For the 3D printer project I decided that I wanted to use Tinkercad to create a 3D model of an axoltl.
If I had to guess I would say not everyone knows what an axoltl actually is, which is understandable. Basically axoltl‘s are a type salamander that stay in their larva form, meaning that they live underwater their whole lives and retain gills. I have a pet axoltl and I had always thought it would be super awesome to create a 3D model of one. My overall goal then was that I wanted to create a basic model of an axoltl that I could print with another end goal of sharing it potentially on Thingiverse.
To start the project I sketched a super rough basic of how I would represent an axoltl. Originally I tried Sculptris for a short while, however I had could not get it to work well for what I was doing so I went to Tinkercad. In Tinkercad I started building my blocky little critter. I began with the over all body basically blocked out then moved to trickier component making feet. The orange shape in the image below was my mock up of the body and the yellow pyramids I sliced up with holes for feet creating 5 fingers for front ones and 4 for the back.
Once I had attached those I went through the process of figuring out how to create gills. Axoltl’s have 3 gills on each side of their head which move fluidly when they swim. Trying to capture this with geometric shapes proved to be an issue.
I ended up finding a snowflake shape and through trial and error worked with it until I created something similar to the gill. I did so by cutting the snowflake in half then combining it with a rectangle.
After I created the gill and was satisfied with it I went back to try and tackle some of the blockiness to my creation. I decided to try and add a neck and make the figure smoother.
In retrospect I think this was when my project started to have failures that I had not anticipated. I will get into more detail about this when I get to my description of the printing phase. After fixing up a redurmentary neck I went to work putting the gills on.
My plan was to worry about the face next and get back to fixing the blocky figure later. I created 4 holes in two different sizes and arranged them on the face to create the eyes and nose holes.
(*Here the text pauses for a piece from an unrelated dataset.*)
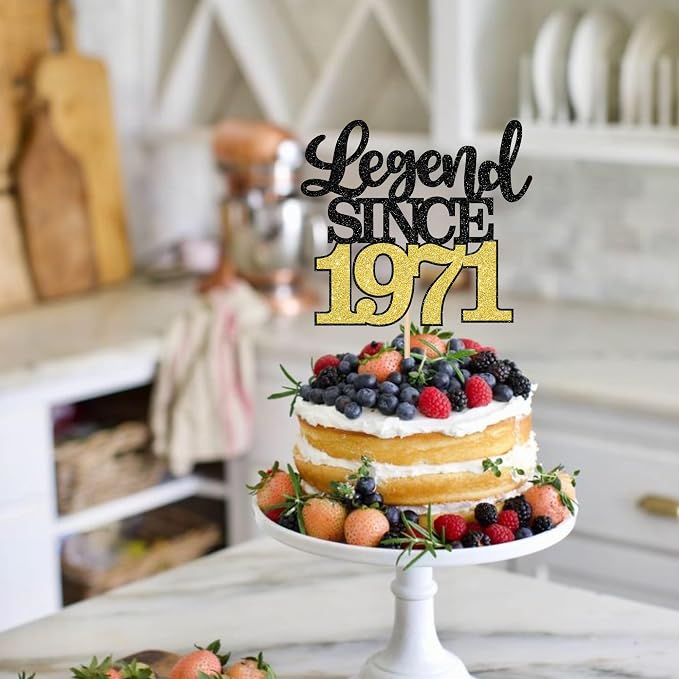 1 PCS Legend Since 1971 Cake Topper Black Gold Glitter Fifty Five Happy 55th Birthday Cake Pick Hello 55 Cheers to 55 Years Cake Decoration for 55th Birthday Anniversary Party Decorations Supplies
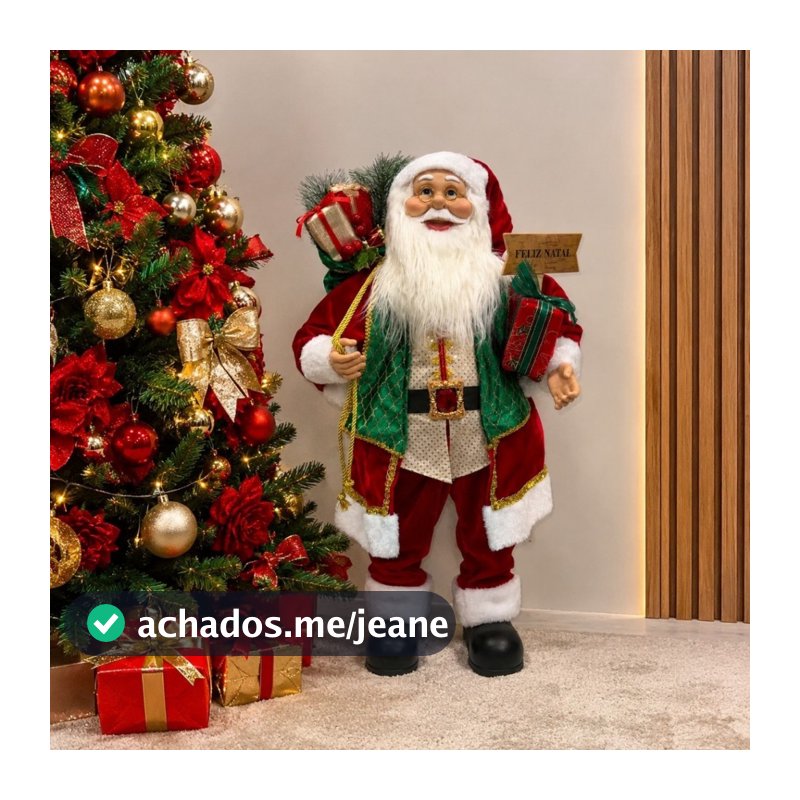 Papai Noel Decorativo 80cm e 110cm Grande Natalino com Urso Enfeite Decoração de Natal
By the this point it was Wednesday and I had spent several hours already playing around with my creation, so I decided to try a trial run to see if he was even printable.
The Printing phase
I downloaded the STL file and put the project into meshmixer where I generated supports (it was already clear to me that my print would need supports). After that I put it into the Dremel software and everything looked great! Until I hit build. Then I got this…
Clearly not what I was looking for or what I expected I hoped that maybe it was my Dremel software that had an issue. (I had expierenced a similar issue uploading from Tinkercad to Dremel in the past). So the next morning I tried putting the 3D model into Dremel again this time on a different computer. The results were slightly better, but still discouraging. I tried generating more supports and changing the size of the print in hopes that was where I went wrong, but still ended with the same image.
Back to Creation
At this point I was pretty frustrated so I started to do some research into what I might have done wrong. The files did not seem to have been corrupted and everything looked okay when I went back into Tinkercad. My best guess was that when I tried creating the neck I had left an empty space somewhere that was throwing the whole thing off. So I tried to fix that and got this.
Creating a smooth 3D object in Tinkercad is difficult and the more I worked on it the more issues I had. The model above also would not print so on a whim I tried downloading the original model just to see what happened. Somehow Dremel now thinks it can print the very bottom half of my object.
I am at a loss for why now it thinks it can print more of the object when it could not print anything the first time. However, in the bottom half of the model it looks like the toes might break off very easily which would not be ideal. So even though the model is not printable yet it still was able to give me ideas on what I need to improve.
Currently I am considering trying to go back and play around with the original model to see if it is salvageable. If I really get stuck I may also go ahead and start from scratch and make a new model, then just test that again. Ultimately, I hope that I can figure out what happened and that very soon I have a model that looks more promising to print.